▸ **Requirement**
Begin at the line holding "মা হলেন মাহিয়া মাহি" and set down exactly each line through the last one below, omitting pictures. Include nothing else.

▸ **Information provided**

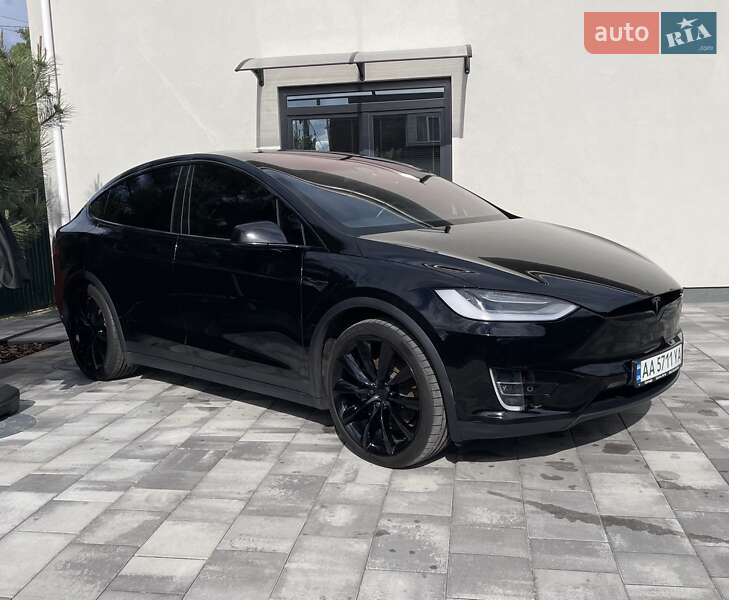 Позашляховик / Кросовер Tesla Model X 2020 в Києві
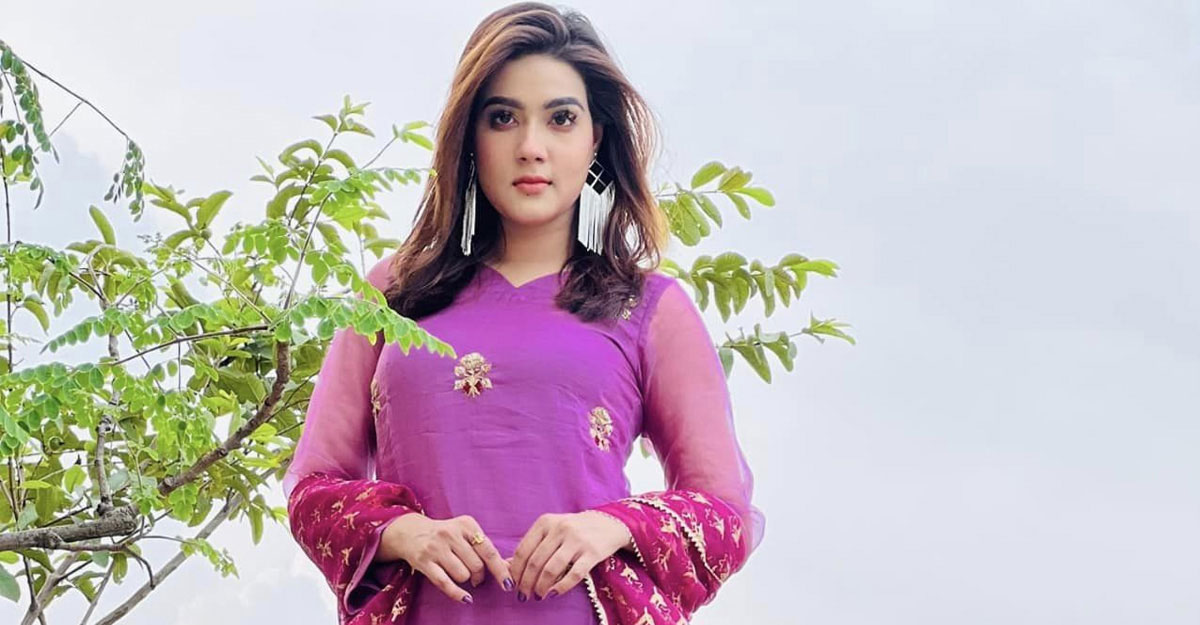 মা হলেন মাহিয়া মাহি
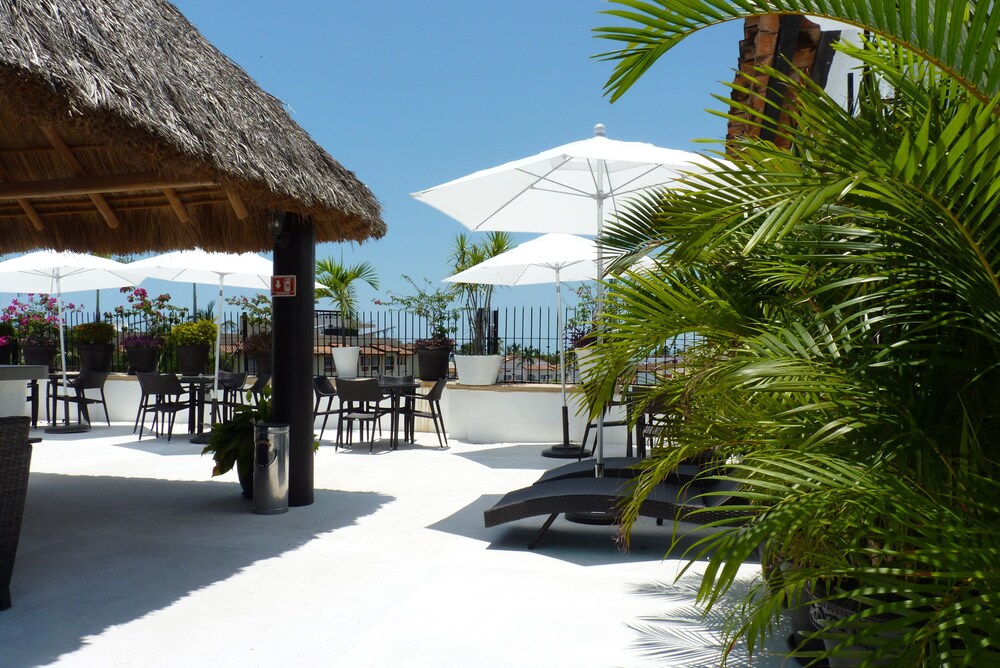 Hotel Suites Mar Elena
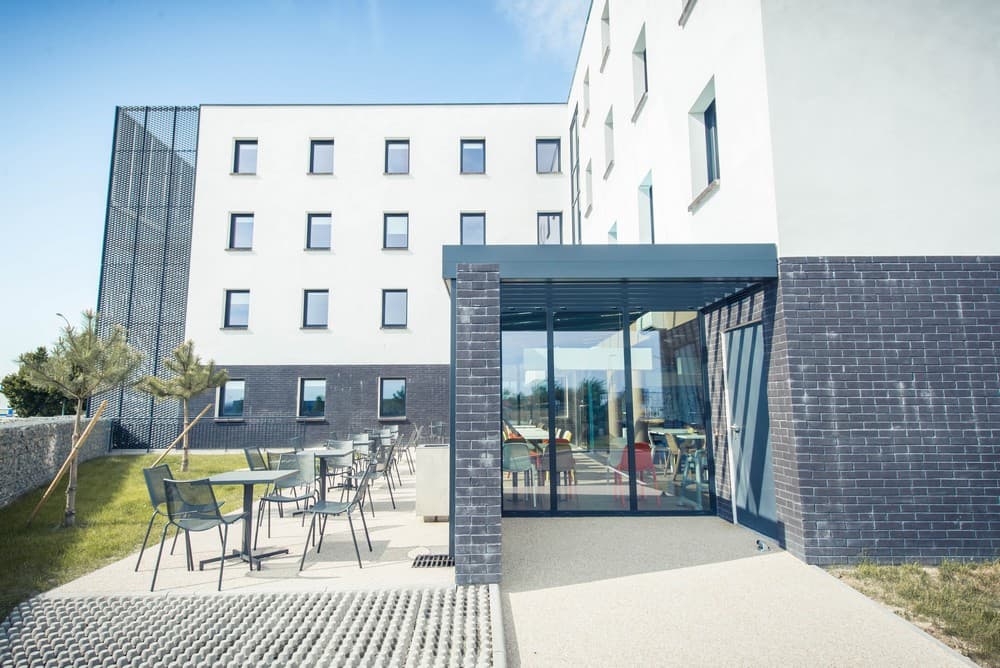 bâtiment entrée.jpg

▸ **Exercise answer**
 মা হলেন মাহিয়া মাহি
 Hotel Suites Mar Elena
 bâtiment entrée.jpg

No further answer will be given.